- **Problem to solve**: Return, word for word, every line starting at the line with "Matar Khet Ka" and ending at the final line of the entries; skip the pictures.
BEGIN The input
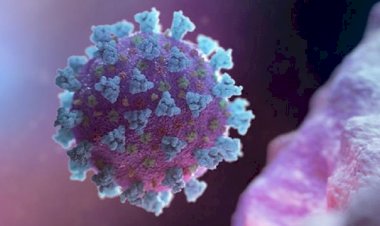 অসমত আৰু এজনৰ দেহত কোৰোণা পজিটিভ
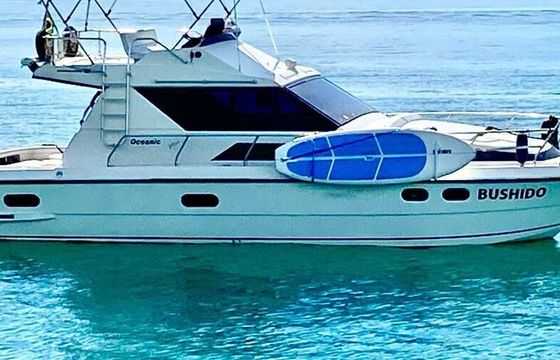 Motorboat Intermarine Oceanic 36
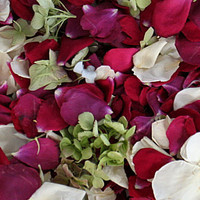 Wonderland Blend Preserved Freeze Dried Rose & Hydrangea Petals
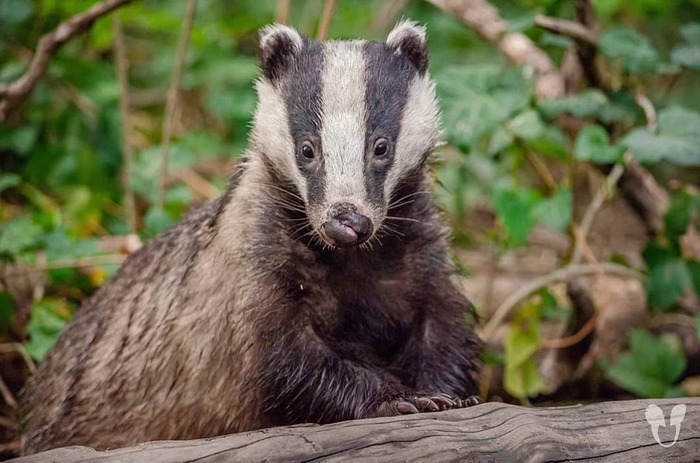Боевой барсук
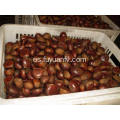 Fresh Dandong best Chestnut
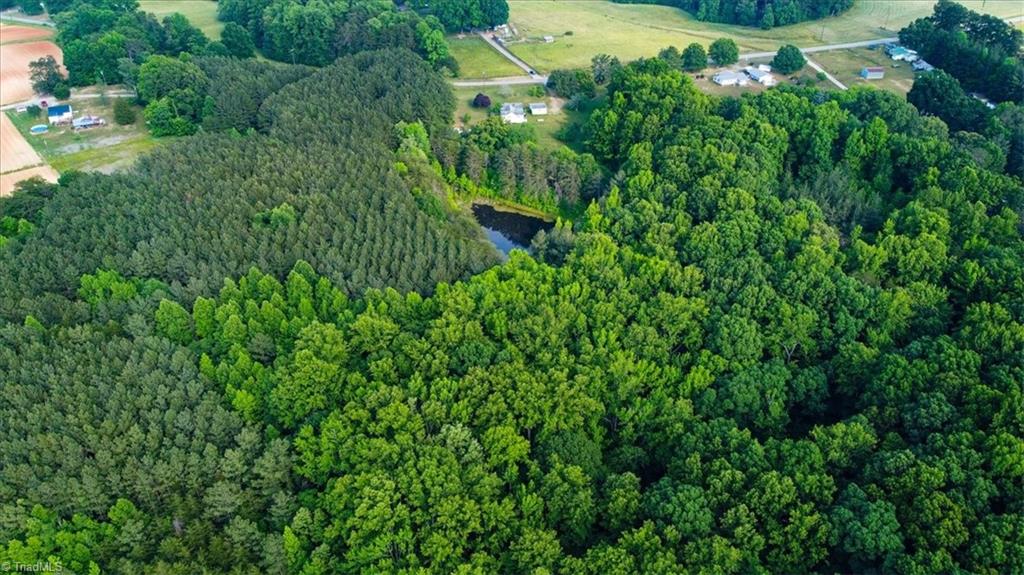 3207 Grooms Road Reidsville, NC 27320 - Photo 9 of 12 Gallery Image 9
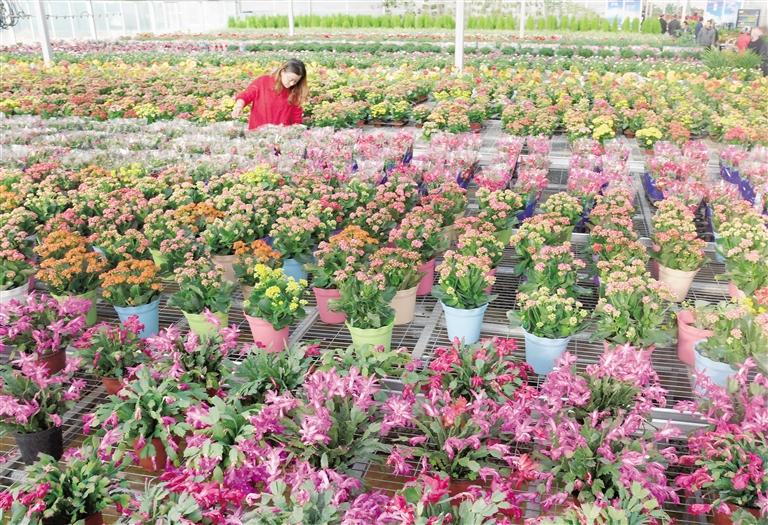 臨夏縣20多萬(wàn)株水仙花、杜鵑、蝴蝶蘭等60多種花卉競(jìng)相綻放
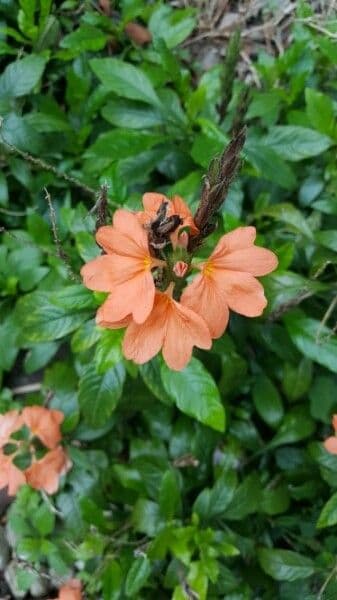 Crossandra 10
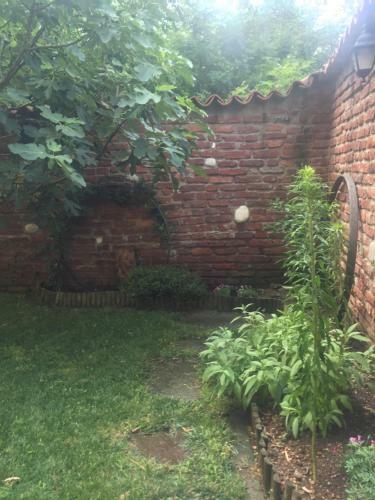Apartamento B&B Il Geco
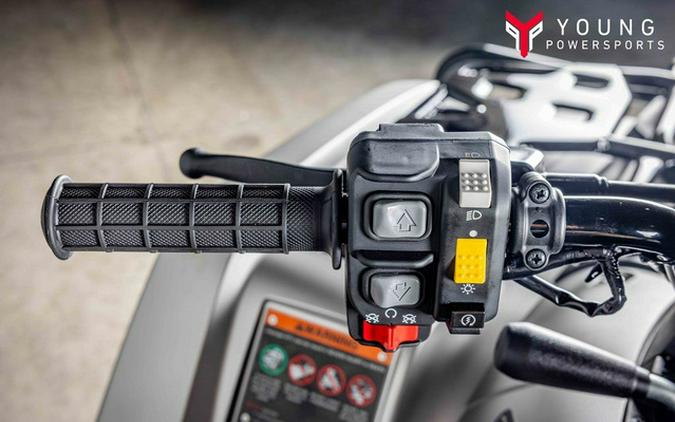 2026 Honda FourTrax Rubicon 700 4x4 Automatic Matte Silver 700 4x4 Automatic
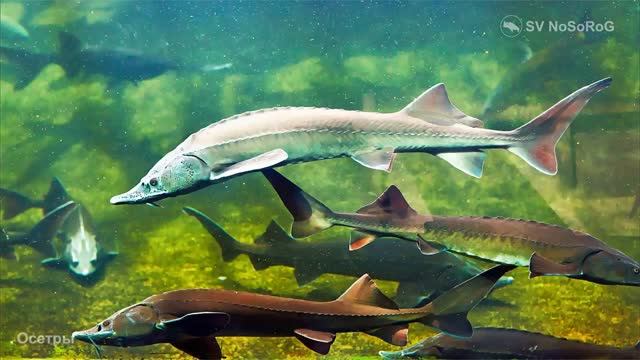 Сколько процентов может составлять икра от массы тела у представителей рода Осeтpы — Acipenser ? смотреть онлайн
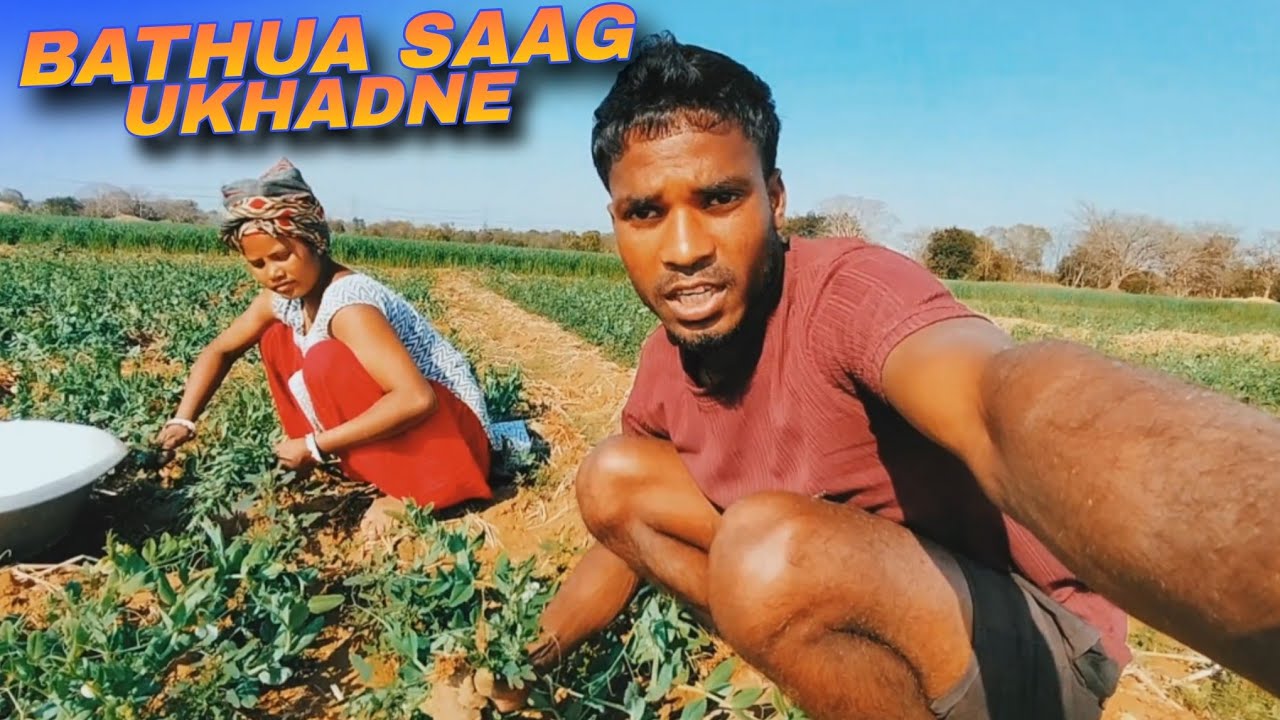 Matar Khet Ka Bathua Saag Ukhadne Aaye Market 🌿😍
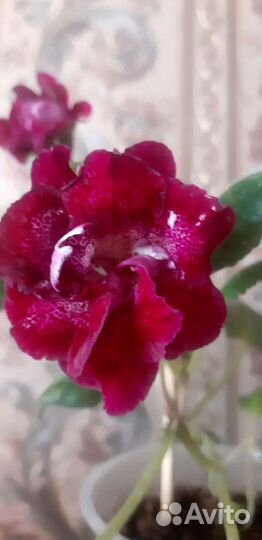 Глоксиния махровая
END The input
- **Problem solution**:
 Matar Khet Ka Bathua Saag Ukhadne Aaye Market 🌿😍
 Глоксиния махровая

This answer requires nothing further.